- _WHAT IS REQUIRED_
The lines below, from the one holding "a soccer player" through the one holding "a red leather", are to be restated word for word, with all images left out.

- _MATERIAL FOR THE TASK_

————

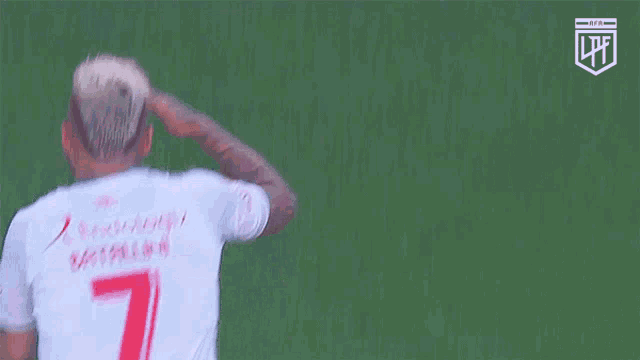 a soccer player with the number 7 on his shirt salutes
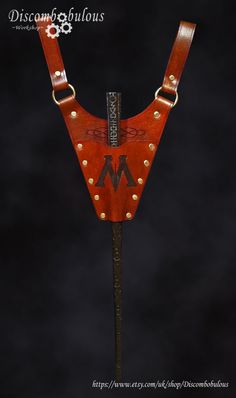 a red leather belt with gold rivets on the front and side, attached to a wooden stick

————

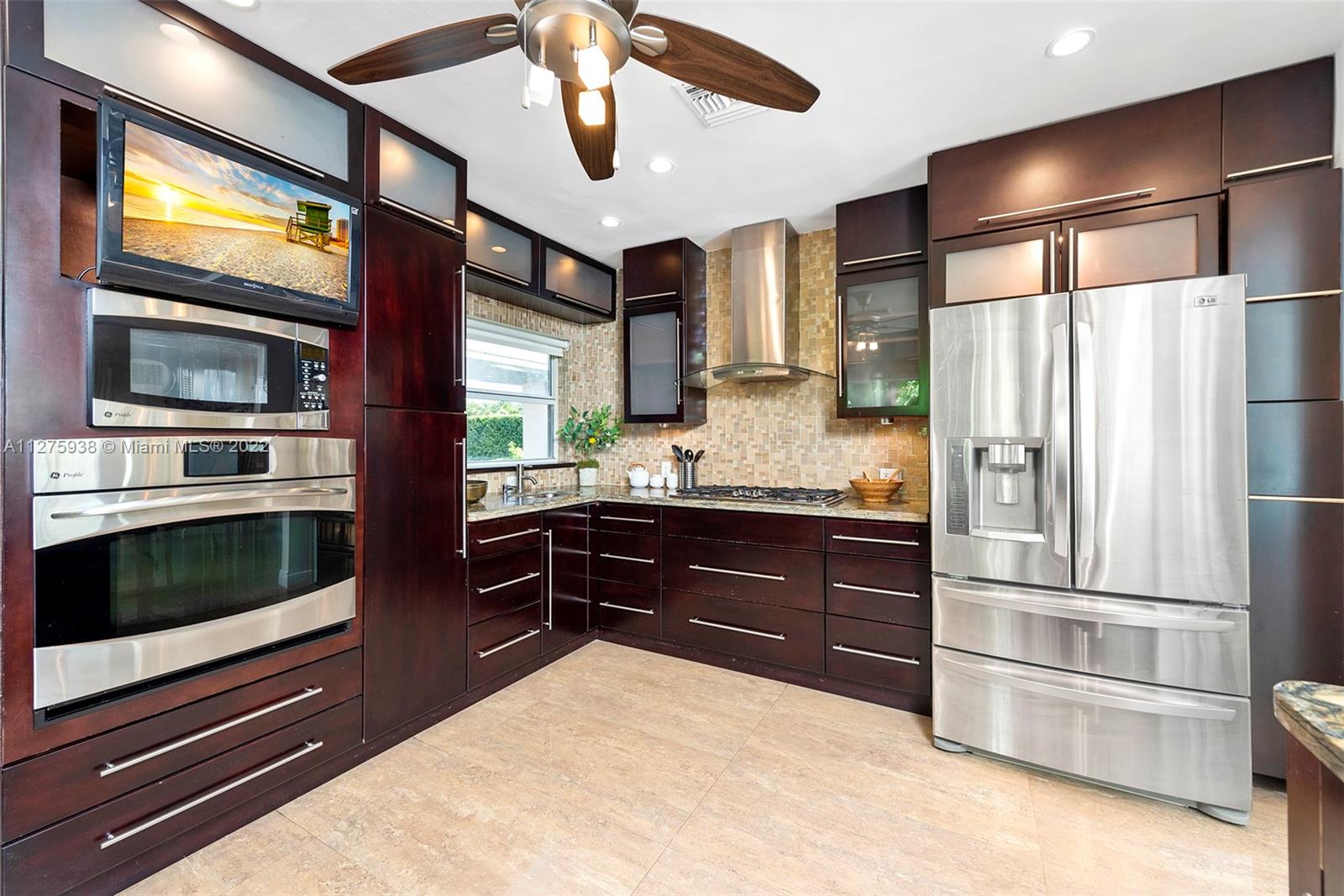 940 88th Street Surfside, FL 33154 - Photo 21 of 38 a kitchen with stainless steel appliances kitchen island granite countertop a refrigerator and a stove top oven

————

- _COMPLETED TASK_
 a soccer player with the number 7 on his shirt salutes
 a red leather belt with gold rivets on the front and side, attached to a wooden stick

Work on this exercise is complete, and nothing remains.